PRINCETON — It’s a new year, full of challenges and opportunities, but no one knows what the future may hold. During these uncertain times, to whom can the average person look for guidance? Speaker Terry Lynch has had the opportunity to research some of this country’s most famous leaders and has found that not everything in the lives of our most prestigious American ran smoothly.
Lynch will present “Mistakes Happen: An Historical Guide to Overcoming Adversity” at the Princeton Public Library at 6:30 p.m. Tuesday. Let the past inspire the future as you learn that everything is on purpose, that you can’t let the little mistakes cloud the greatness to come, and that great leaders learn from their mistakes. This program is recommended for grades 6 through adults. Lynch has presented past programs at the Princeton library on Illinois inventors and Greek gods and heroes, and he is a vibrant speaker, entertaining as well as informative.

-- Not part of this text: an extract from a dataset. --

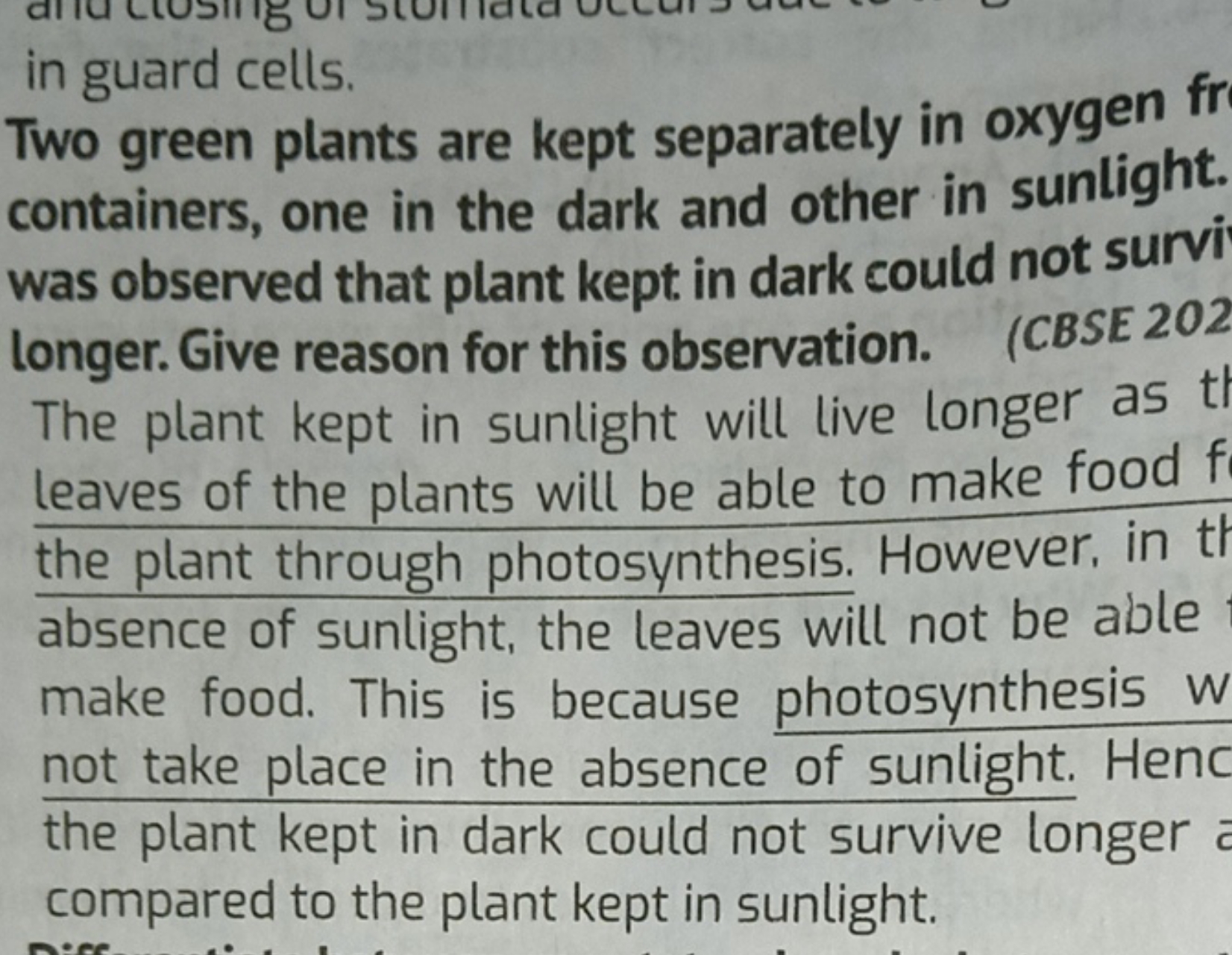 in guard cells.
Two green plants are kept separately in oxygen fr cont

When the time of adversity involves wilderness survival, rope is an invaluable tool. Used for lashing shelters together, putting a string on a bow drill for fire-making, making a rope for a rolling snare trap, or simply as a nice necklace or bracelet, cordage has been primitive man’s best friend longer than the dog. So how did natives make this useful survival tool with only what they found in the wild? At 6:30 p.m. Jan. 24, Jason Thompson will present a program at the Princeton Public Library on the sources, technique and application of a skill all native peoples have in common: reverse-wrapped cordage. The program is intended for ages 11 to adult. Participants will learn firsthand the art of making natural cordage from local plants, and be able to take home the cordage that they’ve created. Thompson is a sixth grade literature and language arts teacher at Peru Parkside Middle School, trained through Tom Brown Jr.’s Tracking, Awareness and Wilderness Survival (Tracker) School and Eddie Starnater’s Practical Primitive, with more than 13 years of experience teaching native skills and tools to youth and adults throughout the northern Illinois and southern Wisconsin areas, as well as being independently contracted as a local tracker.